From Canada.com, via Brian Ferguson, is an article about how a researcher at the University of Alberta had his funding cut off and then was terminated because people did not like the topic of his research: the substitutability between smokeless and regular tobacco. His story helps explain one of the reasons I am a paid-up lifetime member of SAFS (The Society for Academic Freedom and Scholarship).
If you planned to attend the Conference on Academic Freedom and Research Integrity on Monday at Edmonton's Shaw Convention Centre, take note: It has been cancelled. The reason? Several academics, apparently, did not approve of the subject matter.Even if I disagree with some scholars (e.g. most socionomologists), I staunchly believe that universities, of all places, are where we should thresh out controversial ideas. To avoid groupthink, it is imperative that academic freedom be defended in such instances.
The forum was organized by Carl Phillips, a University of Alberta professor with a deeply personal interest in the issue. That's because he studies something many of his colleagues hate: tobacco - specifically, the health benefits of smokers switching to smokeless tobacco. And he's suffering for it.
In June, his faculty voted to cut off his industry research funding, though the university long ago cleared the funding as ethically clean. Shortly after, Prof. Phillips says he received a letter. Since he no longer had funding, his department said, he was being terminated.
"Despite the fact there was no actual evidence the money was running out," he says, noting that the vote was unofficial and probably non-binding without administration's consent. "Not to mention there are all kinds of other sources I could have gotten money from."

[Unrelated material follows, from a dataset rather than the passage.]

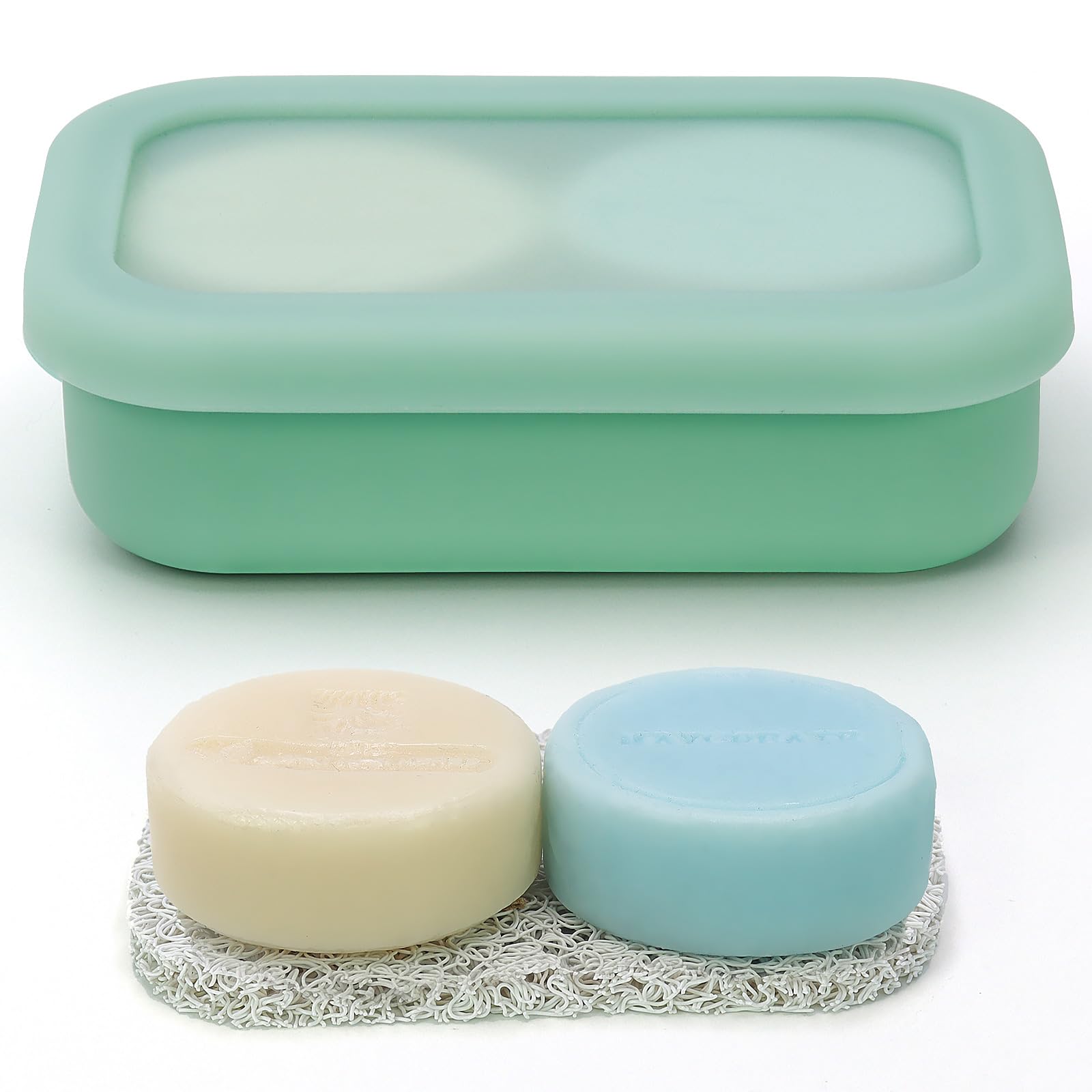 Enhanced Leak Proof Travel Soap Container, Large Shampoo Bar Travel Case, Bar Soap Holder with Drainage Layer, Portable Soap Tra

Since then, the Harvard PhD says he's been subject to repeated and intrusive audits, been charged by colleagues with ethical violations and has had research projects cancelled for what he says are the flimsiest of excuses. "Even with Holocaust deniers, or when someone says the Taliban are wonderful, even in those cases, they get the sufficient respect that somebody stands up and points out that these people don't know what they're talking about. But nobody's ever said I'm wrong. Nobody has actually challenged the premise of my research. They basically just tried to shut the whole thing down without having to address the substance of it."
So, he and a handful of sympathetic colleagues arranged to air the issue of exactly how much freedom scientists have on campus these days. The conference would feature several professors who had faced similar problems. And it was planned for the Edmonton conference centre, at the same time and just down the hall from an international anti-tobacco conference "so that we could have sessions where we invited people from that conference over to make case for their attempts to suppress academic freedom," Prof. Phillips explains. But organizers of the National Conference on Tobacco or Health, he says, threatened to break their contract with the centre after they caught wind of his plan.
"The conference facility came to me and begged us to let them out of their contract because they were being put in the middle and they were convinced that this obviously much larger, much richer conference was going to pull out if they hosted us." Since not having the anti-tobacco attendees nearby defeated the purpose anyway, Prof. Phillips regretfully obliged.
Stifling tobacco research may not be something that most Canadians would get worked up about. But it is of a piece with a broader suffocation of university research or discussion of things considered politically incorrect, argues Peter Suedfeld, a psychology professor at the University of British Columbia.